Your task ::
In the data beneath this task, how many lines contain "Toyota"? Answer with the number only.
..........
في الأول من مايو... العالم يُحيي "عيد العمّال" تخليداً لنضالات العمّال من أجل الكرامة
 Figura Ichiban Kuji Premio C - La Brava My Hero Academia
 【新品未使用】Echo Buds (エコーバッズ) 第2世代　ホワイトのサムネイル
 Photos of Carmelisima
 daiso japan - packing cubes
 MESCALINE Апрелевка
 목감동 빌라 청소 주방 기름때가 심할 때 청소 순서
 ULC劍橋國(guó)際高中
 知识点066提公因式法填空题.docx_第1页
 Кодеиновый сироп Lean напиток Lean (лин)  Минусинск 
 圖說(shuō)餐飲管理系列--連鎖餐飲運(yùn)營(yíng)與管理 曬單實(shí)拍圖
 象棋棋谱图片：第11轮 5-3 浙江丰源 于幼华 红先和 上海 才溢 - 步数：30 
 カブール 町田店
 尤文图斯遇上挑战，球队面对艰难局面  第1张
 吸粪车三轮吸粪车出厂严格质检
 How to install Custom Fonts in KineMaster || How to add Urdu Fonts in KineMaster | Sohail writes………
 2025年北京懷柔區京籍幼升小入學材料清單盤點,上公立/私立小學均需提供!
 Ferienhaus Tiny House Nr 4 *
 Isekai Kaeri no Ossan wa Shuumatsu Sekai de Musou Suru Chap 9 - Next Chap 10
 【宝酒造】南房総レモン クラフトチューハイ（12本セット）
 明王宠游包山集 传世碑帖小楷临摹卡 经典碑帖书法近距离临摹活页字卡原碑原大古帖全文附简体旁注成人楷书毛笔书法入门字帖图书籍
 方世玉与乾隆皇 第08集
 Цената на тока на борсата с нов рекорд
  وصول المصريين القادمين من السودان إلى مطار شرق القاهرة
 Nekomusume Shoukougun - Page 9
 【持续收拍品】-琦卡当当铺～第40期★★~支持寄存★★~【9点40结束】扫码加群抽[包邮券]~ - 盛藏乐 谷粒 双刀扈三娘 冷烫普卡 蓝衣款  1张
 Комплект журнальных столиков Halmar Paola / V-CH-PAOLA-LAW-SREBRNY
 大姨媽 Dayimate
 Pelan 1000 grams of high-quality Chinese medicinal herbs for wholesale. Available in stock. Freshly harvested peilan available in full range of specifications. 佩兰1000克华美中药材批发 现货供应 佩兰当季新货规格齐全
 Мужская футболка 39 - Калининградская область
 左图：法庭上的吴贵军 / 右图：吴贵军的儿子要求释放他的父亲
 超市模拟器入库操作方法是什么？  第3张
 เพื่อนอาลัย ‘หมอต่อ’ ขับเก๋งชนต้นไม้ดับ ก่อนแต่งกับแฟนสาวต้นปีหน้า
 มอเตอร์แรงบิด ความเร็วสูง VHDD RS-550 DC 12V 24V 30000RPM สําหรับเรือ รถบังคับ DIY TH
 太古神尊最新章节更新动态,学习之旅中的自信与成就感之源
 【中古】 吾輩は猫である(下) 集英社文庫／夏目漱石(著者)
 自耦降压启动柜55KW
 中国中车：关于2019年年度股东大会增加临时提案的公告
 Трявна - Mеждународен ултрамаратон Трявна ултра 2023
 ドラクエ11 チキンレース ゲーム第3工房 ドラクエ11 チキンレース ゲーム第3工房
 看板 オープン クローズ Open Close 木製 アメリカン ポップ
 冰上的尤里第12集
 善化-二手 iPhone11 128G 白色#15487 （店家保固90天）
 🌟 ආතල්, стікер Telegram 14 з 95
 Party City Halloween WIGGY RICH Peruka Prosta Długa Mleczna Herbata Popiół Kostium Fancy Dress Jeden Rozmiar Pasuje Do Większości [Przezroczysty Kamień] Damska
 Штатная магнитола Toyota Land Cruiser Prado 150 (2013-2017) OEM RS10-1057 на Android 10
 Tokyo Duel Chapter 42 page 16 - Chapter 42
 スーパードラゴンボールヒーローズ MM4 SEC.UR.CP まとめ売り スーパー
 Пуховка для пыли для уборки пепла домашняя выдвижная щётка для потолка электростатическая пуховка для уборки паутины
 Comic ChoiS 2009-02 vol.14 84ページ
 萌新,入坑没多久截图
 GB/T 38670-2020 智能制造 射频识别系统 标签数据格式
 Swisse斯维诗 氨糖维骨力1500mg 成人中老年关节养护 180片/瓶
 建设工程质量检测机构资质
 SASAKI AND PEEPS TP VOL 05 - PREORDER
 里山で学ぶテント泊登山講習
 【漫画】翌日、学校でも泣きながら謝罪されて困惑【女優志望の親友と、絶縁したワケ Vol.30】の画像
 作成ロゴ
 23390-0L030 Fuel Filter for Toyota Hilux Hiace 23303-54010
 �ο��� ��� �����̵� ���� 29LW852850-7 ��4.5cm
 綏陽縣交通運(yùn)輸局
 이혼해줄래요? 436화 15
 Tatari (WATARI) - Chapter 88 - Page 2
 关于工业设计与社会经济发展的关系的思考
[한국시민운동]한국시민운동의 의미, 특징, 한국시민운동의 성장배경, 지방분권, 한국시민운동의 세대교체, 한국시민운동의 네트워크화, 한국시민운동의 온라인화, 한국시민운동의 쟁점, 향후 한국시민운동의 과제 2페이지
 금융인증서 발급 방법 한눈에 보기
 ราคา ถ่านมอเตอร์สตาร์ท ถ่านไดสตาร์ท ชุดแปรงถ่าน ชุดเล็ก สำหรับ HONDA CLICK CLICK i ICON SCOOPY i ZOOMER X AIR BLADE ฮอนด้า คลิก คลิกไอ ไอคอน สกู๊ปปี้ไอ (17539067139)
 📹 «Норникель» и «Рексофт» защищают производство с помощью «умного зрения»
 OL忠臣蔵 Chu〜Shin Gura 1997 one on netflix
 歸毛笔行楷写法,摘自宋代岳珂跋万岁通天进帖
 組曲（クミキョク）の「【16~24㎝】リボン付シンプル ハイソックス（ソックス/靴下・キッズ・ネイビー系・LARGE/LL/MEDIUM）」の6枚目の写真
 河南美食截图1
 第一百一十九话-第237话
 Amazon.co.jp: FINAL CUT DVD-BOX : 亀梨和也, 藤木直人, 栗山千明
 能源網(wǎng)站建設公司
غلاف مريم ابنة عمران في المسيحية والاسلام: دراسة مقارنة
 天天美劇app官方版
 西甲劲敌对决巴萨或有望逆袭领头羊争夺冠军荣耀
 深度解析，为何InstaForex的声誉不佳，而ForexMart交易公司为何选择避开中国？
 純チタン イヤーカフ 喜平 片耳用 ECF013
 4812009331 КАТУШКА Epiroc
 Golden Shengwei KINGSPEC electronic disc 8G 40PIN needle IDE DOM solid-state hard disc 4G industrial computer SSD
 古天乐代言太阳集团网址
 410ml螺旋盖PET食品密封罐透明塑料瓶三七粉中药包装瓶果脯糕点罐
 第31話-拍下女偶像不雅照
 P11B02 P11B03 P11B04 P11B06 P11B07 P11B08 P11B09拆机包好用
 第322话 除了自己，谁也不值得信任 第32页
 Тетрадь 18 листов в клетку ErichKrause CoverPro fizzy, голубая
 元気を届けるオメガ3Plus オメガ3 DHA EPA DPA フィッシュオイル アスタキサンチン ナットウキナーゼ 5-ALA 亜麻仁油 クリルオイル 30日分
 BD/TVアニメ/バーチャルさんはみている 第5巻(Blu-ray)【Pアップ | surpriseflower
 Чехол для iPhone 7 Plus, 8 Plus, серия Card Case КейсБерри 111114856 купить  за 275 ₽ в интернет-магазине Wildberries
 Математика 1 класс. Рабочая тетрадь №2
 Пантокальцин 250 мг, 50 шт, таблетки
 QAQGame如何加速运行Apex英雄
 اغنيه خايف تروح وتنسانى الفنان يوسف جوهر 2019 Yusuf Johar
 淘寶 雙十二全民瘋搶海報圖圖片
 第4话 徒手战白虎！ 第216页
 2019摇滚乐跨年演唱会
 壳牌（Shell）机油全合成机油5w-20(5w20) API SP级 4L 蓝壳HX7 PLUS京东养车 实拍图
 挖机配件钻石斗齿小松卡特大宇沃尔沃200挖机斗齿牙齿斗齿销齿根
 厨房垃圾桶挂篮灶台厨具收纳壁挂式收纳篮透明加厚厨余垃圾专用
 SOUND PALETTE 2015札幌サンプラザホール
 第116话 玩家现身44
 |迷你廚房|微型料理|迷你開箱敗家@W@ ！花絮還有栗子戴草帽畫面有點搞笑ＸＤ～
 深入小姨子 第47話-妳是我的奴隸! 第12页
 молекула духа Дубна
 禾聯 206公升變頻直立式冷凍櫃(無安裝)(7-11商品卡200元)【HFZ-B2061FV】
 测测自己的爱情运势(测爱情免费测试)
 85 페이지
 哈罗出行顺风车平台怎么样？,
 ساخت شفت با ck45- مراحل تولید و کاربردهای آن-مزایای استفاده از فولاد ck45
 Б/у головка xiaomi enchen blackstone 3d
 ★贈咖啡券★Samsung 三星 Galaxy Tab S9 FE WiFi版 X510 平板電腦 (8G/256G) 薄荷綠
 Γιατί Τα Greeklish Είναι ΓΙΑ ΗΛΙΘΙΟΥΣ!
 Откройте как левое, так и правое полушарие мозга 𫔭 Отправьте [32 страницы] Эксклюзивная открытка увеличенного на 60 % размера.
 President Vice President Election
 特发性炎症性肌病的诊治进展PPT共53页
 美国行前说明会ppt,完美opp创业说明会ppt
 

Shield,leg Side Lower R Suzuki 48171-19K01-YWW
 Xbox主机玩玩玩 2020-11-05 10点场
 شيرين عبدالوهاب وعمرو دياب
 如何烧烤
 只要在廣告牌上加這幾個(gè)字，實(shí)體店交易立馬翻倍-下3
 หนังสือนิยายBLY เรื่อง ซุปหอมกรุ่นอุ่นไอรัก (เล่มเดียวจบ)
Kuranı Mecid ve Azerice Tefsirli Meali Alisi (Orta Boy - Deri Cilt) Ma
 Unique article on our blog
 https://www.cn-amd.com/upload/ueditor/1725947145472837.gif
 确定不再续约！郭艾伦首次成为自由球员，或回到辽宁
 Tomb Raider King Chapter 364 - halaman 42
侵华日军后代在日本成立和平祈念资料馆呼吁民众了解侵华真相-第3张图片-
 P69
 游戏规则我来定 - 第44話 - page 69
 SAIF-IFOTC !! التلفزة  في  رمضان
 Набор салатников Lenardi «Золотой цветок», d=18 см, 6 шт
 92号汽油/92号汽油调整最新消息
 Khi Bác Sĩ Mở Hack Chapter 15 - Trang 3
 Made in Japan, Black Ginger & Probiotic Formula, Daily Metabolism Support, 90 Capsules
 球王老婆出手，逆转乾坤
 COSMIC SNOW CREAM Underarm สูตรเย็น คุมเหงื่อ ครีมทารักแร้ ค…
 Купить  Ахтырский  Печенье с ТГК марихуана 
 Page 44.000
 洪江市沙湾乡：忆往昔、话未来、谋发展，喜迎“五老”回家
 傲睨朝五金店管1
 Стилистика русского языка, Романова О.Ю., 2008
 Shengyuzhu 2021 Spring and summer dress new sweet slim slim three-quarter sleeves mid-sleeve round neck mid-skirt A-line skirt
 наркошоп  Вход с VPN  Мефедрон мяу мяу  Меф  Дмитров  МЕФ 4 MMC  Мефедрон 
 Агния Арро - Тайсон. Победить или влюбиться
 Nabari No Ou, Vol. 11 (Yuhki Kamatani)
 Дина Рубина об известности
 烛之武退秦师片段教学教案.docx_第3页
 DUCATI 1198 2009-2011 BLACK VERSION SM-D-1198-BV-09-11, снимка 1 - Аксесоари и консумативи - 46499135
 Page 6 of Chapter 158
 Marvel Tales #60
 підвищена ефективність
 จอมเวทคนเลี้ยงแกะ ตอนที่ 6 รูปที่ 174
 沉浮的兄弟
..........
Response to this task ::
2